Blog
In de zorg moeten zorgverleners met enig regelmaat rekenen. Hierbij moet je denken aan zuurstof, medicatie, etc.
Hieronder een aantal formules dat een zorgverlener gebruikt om te rekenen:
ml-cl-dl-l
Ga je van ml naar cl dan moet je delen door 10.
Ga je van cl naar ml dan is het keer 10.
Gram- miligram-microgram-nanogram.
Ga je van gram naar milligram dan moet je het keer 1000 doen.
Is het van milligram naar gram dan is het delen door 1000.
Oplossing.
Als er een oplossing is van 1:5 betekend dit dat 1 deel opgeloste stof gedeelt is op 5 oplosmiddel.
Je rekent het dus als volgt uit 1+5=6.
Dit betekend dat je het moet delen door 6.

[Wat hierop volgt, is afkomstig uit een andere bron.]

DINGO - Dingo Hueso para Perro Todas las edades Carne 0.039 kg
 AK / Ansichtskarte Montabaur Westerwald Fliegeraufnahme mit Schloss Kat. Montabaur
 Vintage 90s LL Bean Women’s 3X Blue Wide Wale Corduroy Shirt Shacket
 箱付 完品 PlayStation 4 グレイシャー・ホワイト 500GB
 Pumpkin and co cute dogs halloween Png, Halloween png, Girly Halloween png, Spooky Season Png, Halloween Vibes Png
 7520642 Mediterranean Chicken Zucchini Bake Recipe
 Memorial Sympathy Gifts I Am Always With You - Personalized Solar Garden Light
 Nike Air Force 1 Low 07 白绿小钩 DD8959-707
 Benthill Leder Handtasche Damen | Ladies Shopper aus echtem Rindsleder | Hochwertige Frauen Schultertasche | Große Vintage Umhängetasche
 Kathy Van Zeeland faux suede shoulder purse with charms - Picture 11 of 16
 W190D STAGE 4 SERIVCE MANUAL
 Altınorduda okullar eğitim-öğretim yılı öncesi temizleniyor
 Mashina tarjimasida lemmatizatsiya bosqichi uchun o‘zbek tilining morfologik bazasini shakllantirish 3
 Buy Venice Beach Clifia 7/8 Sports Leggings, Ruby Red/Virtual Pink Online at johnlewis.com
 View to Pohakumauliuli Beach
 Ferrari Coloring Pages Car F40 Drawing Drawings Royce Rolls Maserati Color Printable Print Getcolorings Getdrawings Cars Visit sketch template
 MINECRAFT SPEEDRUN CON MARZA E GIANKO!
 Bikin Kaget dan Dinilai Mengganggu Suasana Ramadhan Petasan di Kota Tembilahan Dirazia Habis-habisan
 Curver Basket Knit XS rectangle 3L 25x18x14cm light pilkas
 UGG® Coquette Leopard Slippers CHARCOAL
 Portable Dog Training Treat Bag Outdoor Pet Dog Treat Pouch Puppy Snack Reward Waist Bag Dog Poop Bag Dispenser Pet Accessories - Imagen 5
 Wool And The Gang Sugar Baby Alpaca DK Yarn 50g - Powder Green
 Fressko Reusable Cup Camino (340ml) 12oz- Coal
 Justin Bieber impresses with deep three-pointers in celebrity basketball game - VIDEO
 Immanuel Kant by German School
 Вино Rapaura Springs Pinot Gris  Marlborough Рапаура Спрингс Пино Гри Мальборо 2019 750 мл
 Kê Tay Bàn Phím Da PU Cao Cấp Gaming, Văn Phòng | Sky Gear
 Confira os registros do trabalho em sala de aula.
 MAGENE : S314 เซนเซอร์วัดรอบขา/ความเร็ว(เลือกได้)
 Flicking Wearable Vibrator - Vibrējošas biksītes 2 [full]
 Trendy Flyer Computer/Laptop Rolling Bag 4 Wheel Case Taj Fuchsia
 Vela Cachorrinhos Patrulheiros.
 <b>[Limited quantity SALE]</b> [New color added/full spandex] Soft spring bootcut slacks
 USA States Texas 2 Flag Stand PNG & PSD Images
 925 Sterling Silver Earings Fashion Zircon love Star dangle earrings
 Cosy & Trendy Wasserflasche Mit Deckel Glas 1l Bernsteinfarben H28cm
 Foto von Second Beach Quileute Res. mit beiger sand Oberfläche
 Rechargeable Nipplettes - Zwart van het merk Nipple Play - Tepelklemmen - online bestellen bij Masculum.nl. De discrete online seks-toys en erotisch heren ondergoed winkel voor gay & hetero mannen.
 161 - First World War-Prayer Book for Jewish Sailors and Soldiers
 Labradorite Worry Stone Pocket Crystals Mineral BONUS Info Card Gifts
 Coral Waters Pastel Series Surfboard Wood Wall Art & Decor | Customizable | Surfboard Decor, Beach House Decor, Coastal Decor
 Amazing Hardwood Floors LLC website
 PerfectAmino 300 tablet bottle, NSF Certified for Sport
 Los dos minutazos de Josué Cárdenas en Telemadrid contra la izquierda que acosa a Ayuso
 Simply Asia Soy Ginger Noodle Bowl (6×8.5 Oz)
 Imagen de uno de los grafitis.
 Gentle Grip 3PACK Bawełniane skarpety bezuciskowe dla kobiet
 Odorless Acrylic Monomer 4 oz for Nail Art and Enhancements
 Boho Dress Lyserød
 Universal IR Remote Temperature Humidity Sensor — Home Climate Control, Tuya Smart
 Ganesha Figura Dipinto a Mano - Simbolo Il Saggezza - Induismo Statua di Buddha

Als je werkt met procenten dan betekent dit dat %= 100ml
Dit houdt in dat als er staat 1%=100ml. Dit betekend dat er 1ml werkzame stof per 100ml is.
Vloeistof= 1% = 1ml
Vaste stof = 1% = 1gram.
Als je gaat terugrekenen naar procenten dan moet je het volgende doen:
700ml moet je terug rekenen naar 100ml. Dus deel je het door 7.
700:7=100.
Hierna doe je de 35 gram ook delen door 7 en dat is 5
35:7=5.
Dit betekend dat er 5% oplossing is op 100ml.
Dosering.
Aantal eenheden x aantal lichaamsgewicht.
Zuurstof.
1 atmosfeer = 1 bar.
Druk (bar) x inhoud volume (inhoud zuurstoffles) = hoeveelheid zuurstof.
Zuurstof : liters per minuut = tijd.
Maximaal 200 atmosfeer per 1 Liter zuurstof.